IMT3b – Build Part II

2nd December 2020

So now the work begins. How to turn a vegetable patch into an observatory. The first thing any good person does when moving into a house is perform a harvest! So we set about harvesting and found some rather large parsnips (which we have been having every Sunday lunchtime since) 🙂

Luke with one of the smaller parsnips

Once done, we removed the edging boards and marked out the dome diameter using the stakes we found in the garden.

The footprint of the 2.7m IMT3b

Once done I left Luke to dig the rest of the dome base out with a little help from my daughter and as you can see digging in a vegetable patch is rather easier to start with than hard ground due to years of using the land.

Dome base dug out….but what about the pier hole?

Okay, so that’s the dome base which is a nice 6″ deep. Next, which was a slightly bit more problematic was to dig out the pier base through chalk to a depth of 65cm x 1m wide. Yes I know I am mixing my scales but that is because I can 🙂

Pier base

I then had to wait several weeks for the weather to improve before I could start creating the former for the hole.
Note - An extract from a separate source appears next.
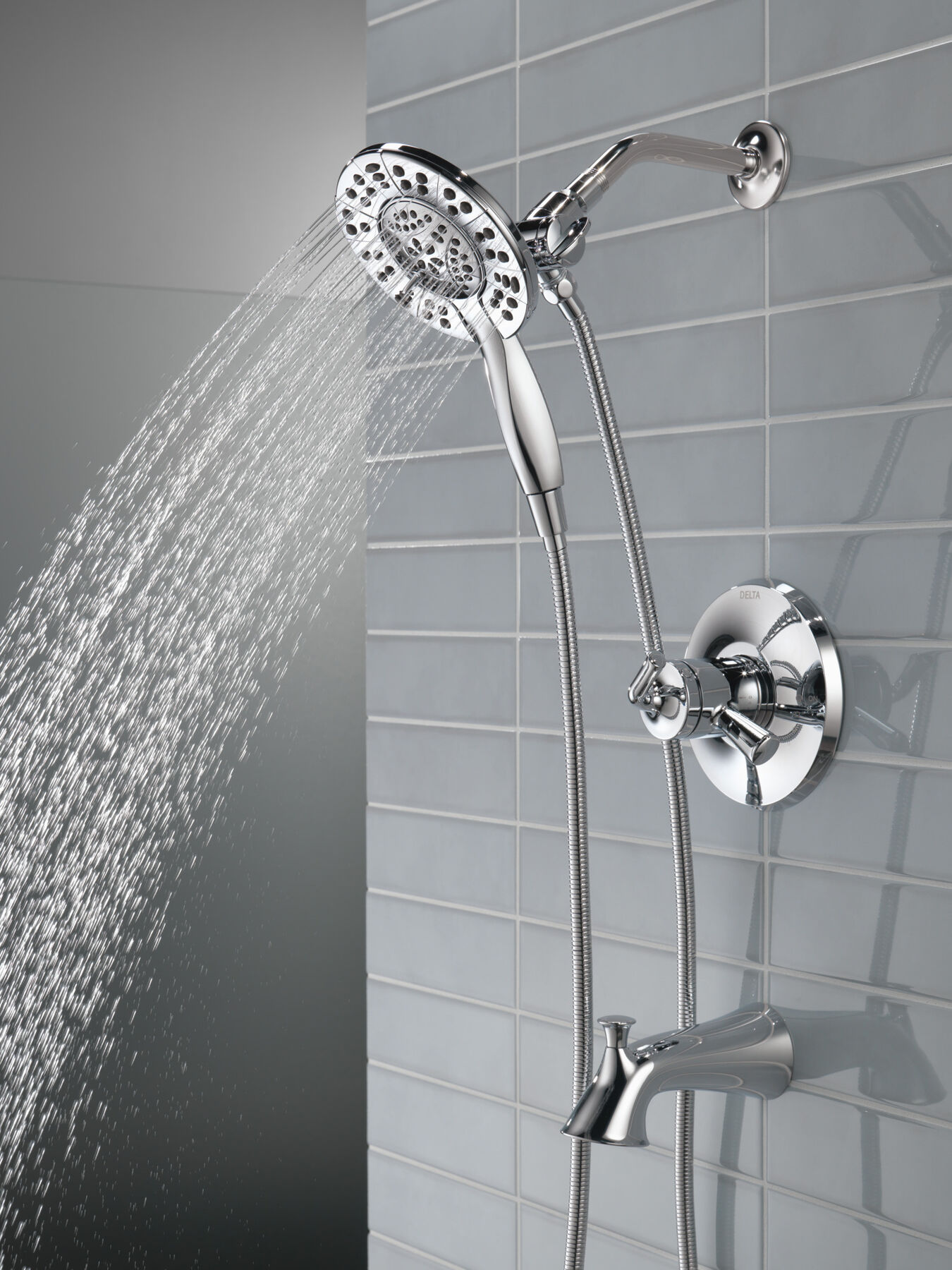 Monitor 17 Series Tub and Shower Trim, image 13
Plywood former for the pier base

I must add at this point, that despite building and installing many domes before, I sought out the experience as one should, of another astronomer and friend, Nigel, who sent me a well prepared document of contracting a concrete base, that I have used as extra guidance on this dome build.

View from above with locally sourced (in my ground) flint to be used as sub base

Next up will be more preparation for the foundations and connecting the electric and ethernet from the house some 100m away the way I have to run the cables!